France’s historic and ancient Mediterranean fishing village Cassis in Provence is well known for its natural beauty, but maybe lesser known is that it is home to one of the world’s most iconic white wines and Clos Sainte Magdeleine makes one of the best. The 2022 vintage is wonderfully layered, rounded, but with spicy mineral, saline and fresh acidity with bright citrusy lemon/lime, white peach, apple and passionfruit, along with wet stone, bitter almond, orange blossom and verbena. The all organic Clos Sainte Magdeleine Cassis Blanc is all de-stemmed and gravity pressed and then the juice is fermented and aged in 100% temperature-controlled stainless steel tank with some lees contact and with most vintages seeing full malos. The regular Cassis Blanc is, as noted before, aged in total for between 14 to 18 months in tank before bottling and release. Everything is done to allow the terroir to shine through and make a wine that goes beautifully with the local cuisine, which luckily mirrors the local food foods I get here on California’s Central Coast. The Clos Sainte Magdeleine’s Cassis Blanc, as importer Kermit Lynch adds, success lies in an uncanny ability to capture a dichotomous nerve and sun-kissed unctuousness, making it both incredibly food-friendly and delicious entirely on its own, of which I complete agree with. I’ve long admired and followed this wine, I enjoy it with sea foods and Middle-eastern dishes, like lemon chicken and couscous.

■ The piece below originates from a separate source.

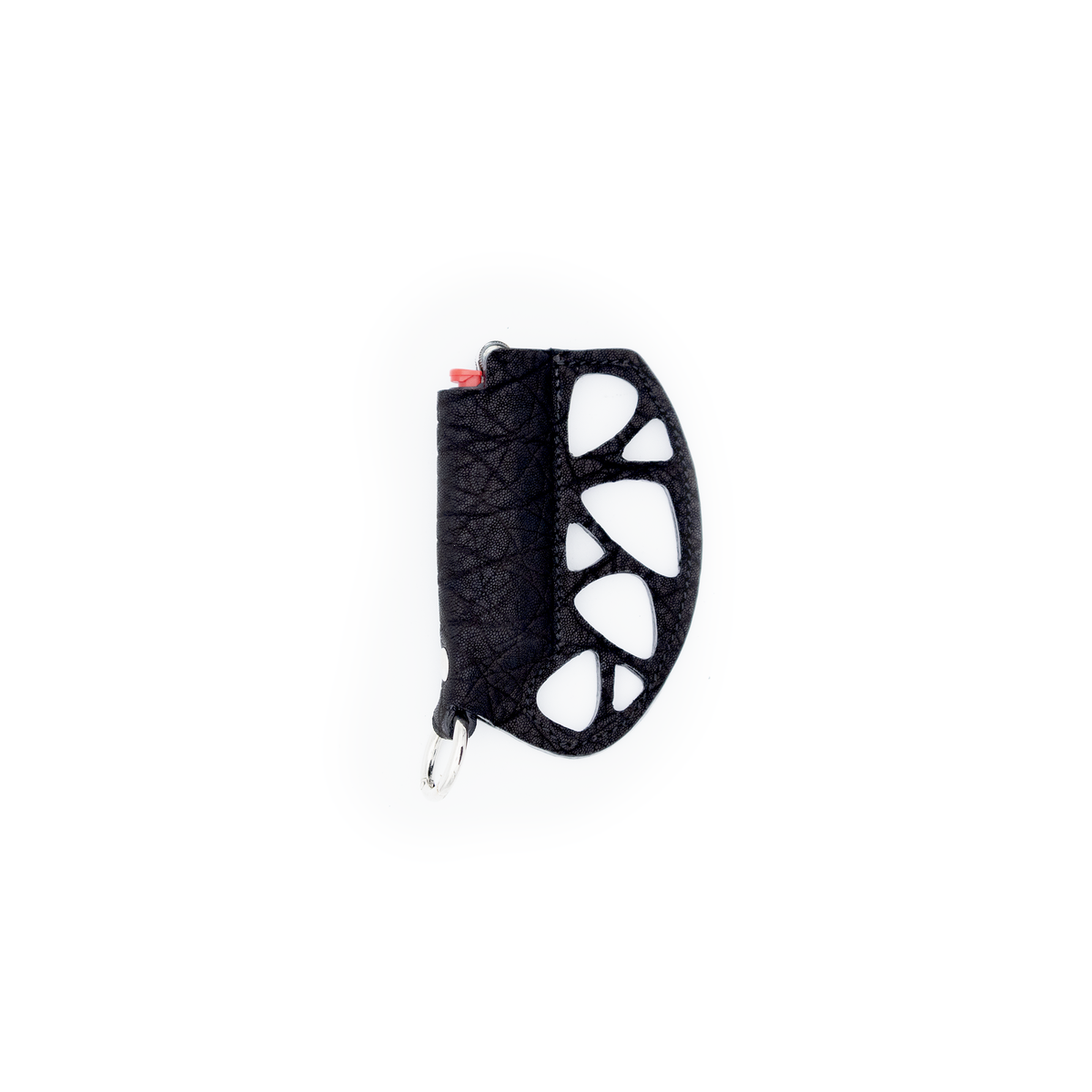 PORTE-BRIQUET ORGANIQUE ELEPHANT NOIR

Clos Saint Magdeleine, As I’ve mentioned in my prior reviews, now run by Fancois Sack was originally founded by Jules Savon, who won the Gold Medal for the domaine at the World’s Fair in 1900 and put this estate on the map and the Sack family who have been in charge for four generations continue to make awesome wines in this picturesque village on the Mediterranean sea, not far from both Bandol and Marseille, where Cassis is a favorite at the best bistros and cafes. The village (AOC) which allows only White and Rosé is an ancient fishing village, and as Kermit Lynch notes, Cassis has seen its fair share of visitors over the millennia. Greek colonists from Phocaea first arrived in the sixth century B.C., and with them came the timeless Ugni Blanc grape and viticultural savvy. The Romans later made their way here, as well as their Barbarian successors, followed by the medieval Counts of Les Baux, all the way to tourists of the modern era looking to escape the cold, dark cities. Cassis is not only an active port, but what Kermit calls “an earthly paradise…”, with the vineyards of Clos Sainte Magdeleine being particularly stunning, and, as I’ve dreamed of, it is a place I hope to visit in person someday sooner v. later. These vineyards jut out on to a private cape to meet majestic shoreline and spectacular limestone cliffs, poised above gorgeously beauty of the sparkling, azure Mediterranean, it is as I’ve joked, a perfect place for grape vines to retire to! This Clos Sainte Magdeleine Cassis AOC Blanc possesses a sense of grace, depth and class that makes it a real treat and I highly recommend it.